I've found this query to (mostly) work with Prometheus 2.4.0 and later:

changes(ALERTS_FOR_STATE[24h])

It will return the number of times each alert went from "pending" to "firing" during the last 24 hours, meaning it will only work for alerts that have a pending state in the first place (i.e. alerts with for: <some_duration> specified).

ALERTS_FOR_STATE is a newly added Prometheus-internal metric that is used for restoring alerts after a Prometheus restart. It's not all that well documented (not at all, actually), but it seems to work.

Oh, and if you want the results grouped by alert (or environment, or job, or whatever) you can sum the results by that label or set of labels:

sum by(alertname) (changes(ALERTS_FOR_STATE[24h]))
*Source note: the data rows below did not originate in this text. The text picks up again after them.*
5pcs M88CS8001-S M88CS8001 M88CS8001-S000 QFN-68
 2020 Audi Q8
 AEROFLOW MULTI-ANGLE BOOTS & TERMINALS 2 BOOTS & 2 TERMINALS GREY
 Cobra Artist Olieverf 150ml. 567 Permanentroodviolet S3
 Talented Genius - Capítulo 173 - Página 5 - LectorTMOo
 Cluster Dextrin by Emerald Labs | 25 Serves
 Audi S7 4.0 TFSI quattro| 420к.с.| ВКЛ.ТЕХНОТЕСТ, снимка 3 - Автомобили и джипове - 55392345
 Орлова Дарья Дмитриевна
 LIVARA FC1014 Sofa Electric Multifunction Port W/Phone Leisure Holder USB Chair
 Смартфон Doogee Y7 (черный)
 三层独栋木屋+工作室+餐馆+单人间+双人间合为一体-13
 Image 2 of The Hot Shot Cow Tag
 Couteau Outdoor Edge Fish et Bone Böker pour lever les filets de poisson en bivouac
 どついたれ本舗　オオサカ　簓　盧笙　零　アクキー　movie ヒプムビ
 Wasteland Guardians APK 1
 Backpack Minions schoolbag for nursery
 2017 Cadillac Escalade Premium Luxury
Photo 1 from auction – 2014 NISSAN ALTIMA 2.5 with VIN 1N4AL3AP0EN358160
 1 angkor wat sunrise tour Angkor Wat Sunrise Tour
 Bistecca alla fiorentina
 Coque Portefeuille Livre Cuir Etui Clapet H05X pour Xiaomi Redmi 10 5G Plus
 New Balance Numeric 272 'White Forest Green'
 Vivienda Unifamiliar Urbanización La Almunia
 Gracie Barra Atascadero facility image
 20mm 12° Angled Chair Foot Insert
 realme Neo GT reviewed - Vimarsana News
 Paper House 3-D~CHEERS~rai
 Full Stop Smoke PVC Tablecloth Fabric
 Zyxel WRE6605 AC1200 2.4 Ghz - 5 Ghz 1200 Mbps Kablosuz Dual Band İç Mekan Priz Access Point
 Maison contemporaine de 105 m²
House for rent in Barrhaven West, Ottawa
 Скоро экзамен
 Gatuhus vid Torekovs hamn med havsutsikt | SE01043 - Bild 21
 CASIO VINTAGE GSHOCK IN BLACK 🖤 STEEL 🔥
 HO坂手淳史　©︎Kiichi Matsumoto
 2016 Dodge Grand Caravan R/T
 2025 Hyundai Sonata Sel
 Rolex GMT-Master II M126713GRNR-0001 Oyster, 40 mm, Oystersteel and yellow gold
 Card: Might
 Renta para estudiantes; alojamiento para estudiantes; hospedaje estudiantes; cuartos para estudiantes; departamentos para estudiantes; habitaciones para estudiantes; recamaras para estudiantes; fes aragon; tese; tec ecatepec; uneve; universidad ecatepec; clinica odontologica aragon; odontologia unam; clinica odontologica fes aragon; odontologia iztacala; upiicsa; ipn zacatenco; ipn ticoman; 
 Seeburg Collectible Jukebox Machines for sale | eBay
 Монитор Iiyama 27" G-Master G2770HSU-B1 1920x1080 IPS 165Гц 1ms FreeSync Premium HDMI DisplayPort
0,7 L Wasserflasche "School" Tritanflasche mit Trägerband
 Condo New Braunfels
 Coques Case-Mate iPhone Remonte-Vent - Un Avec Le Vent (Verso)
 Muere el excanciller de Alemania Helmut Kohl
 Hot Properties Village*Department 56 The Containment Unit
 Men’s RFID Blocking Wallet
will give you how many times each alert fired across jobs, environments etc.

Alin Sînpălean
  • 8,774
  • 1
  • 25
  • 29
  • The good [article](https://tiantiankan.me/a/5cf5562daada82366d5adebd) about this topic. We have to add one because going from not existing to existing is not counted as a change in value for the purpose of changes. – Kirill K Oct 11 '19 at 08:05
3

Inspired by "Alin Sînpălean", I count the alerts of firing state and ignore the pending state.

  • Count current alerts:

    count(ALERTS{alertstate="firing"}) by(alertname)
    
  • Count how many times each alert has been triggered:

    # Add a rule
    groups:
    - name: recording_rules
      rules:
      - record: ALERTS_FOR_STATE:firing
        expr: ALERTS_FOR_STATE and ignoring(alertstate) ALERTS{alertstate="firing"}
    
    sum(changes(ALERTS_FOR_STATE:firing[1w]) + 1) by(alertname)
    
LeoHsiao
  • 196
  • 2
  • 6
-2

Your PromQL is correct. Keep in mind though that labels (including alertname) are case sensitive: perhaps this is the issue?